Last year, I wrote about a few ways of highlighting things in an Emacs buffer. A few days ago I had a somewhat similar need. This time, however, I didn’t have a regex to match the things I wanted highlighted: I just needed to mark something (as in “region”), and have it permanently highlighted (“permanently” meaning that the highlighting should survive editing commands, but not actually closing the buffer).
Emacs being Emacs, it turned out to be possible (and easy). Download the highlight.el library (authored by the famous Drew Adams) and enjoy a bunch of commands under the prefix hlt-
. There are quite a few, but let me mention just two.
First, hlt-highlight-region
. It does exactly what it says on the tin, and comes with a counter-spell called (of course) hlt-unhighlight-region
.
And here is the other gem: hlt-highlighter-mouse
. Issue this command and then drag a portion of the buffer with the mouse. It acts like a highlighter pen! How cool is that?

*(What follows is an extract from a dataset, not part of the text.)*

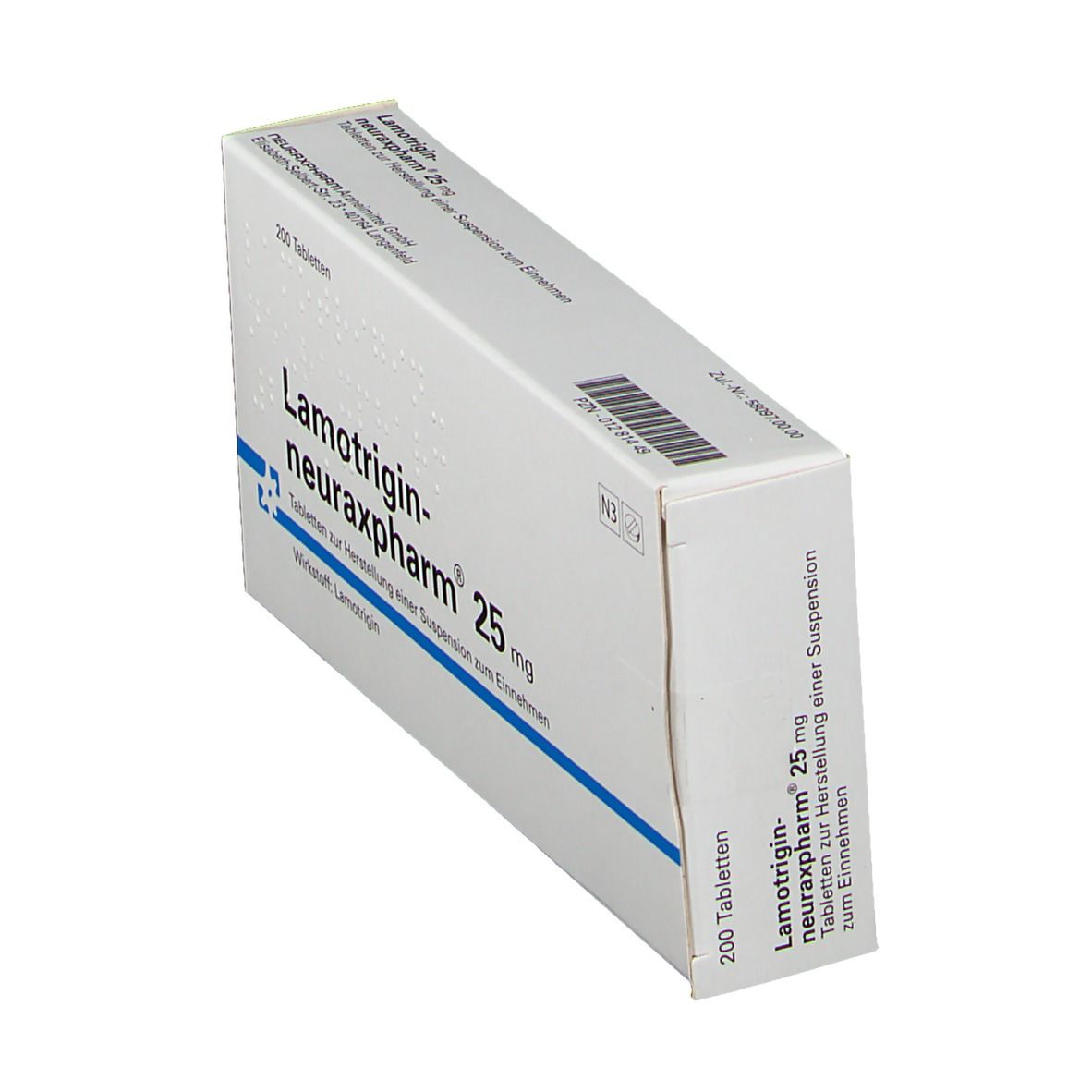 Lamotrigin-neuraxpharm® 25 mg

And when you no longer need the highlighting, just say hlt-eraser-mouse
and drag again. (Also, you can bind hlt-highlighter
and hlt-eraser
to drag events instead, e.g. with modifiers like super.)
Also, it is worth remembering that hlt-unhighlight-region
removes all highlighting in the region, and if the region is not active, in the buffer.
Read the linked page for more, but even these commands are quite useful!